WORK TO COMPLETE
Exactly reproduce the lines beginning with the line that includes "Lampada da parete A24-2200 di Disderot" and ending with the last line of the data.

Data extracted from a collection

▼

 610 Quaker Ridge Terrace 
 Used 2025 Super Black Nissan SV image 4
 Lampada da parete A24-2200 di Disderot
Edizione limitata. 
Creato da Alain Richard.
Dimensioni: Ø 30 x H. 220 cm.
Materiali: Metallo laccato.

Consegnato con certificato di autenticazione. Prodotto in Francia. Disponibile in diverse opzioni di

▲

REPLY
 Lampada da parete A24-2200 di Disderot
Edizione limitata. 
Creato da Alain Richard.
Dimensioni: Ø 30 x H. 220 cm.
Materiali: Metallo laccato.

Consegnato con certificato di autenticazione. Prodotto in Francia. Disponibile in diverse opzioni di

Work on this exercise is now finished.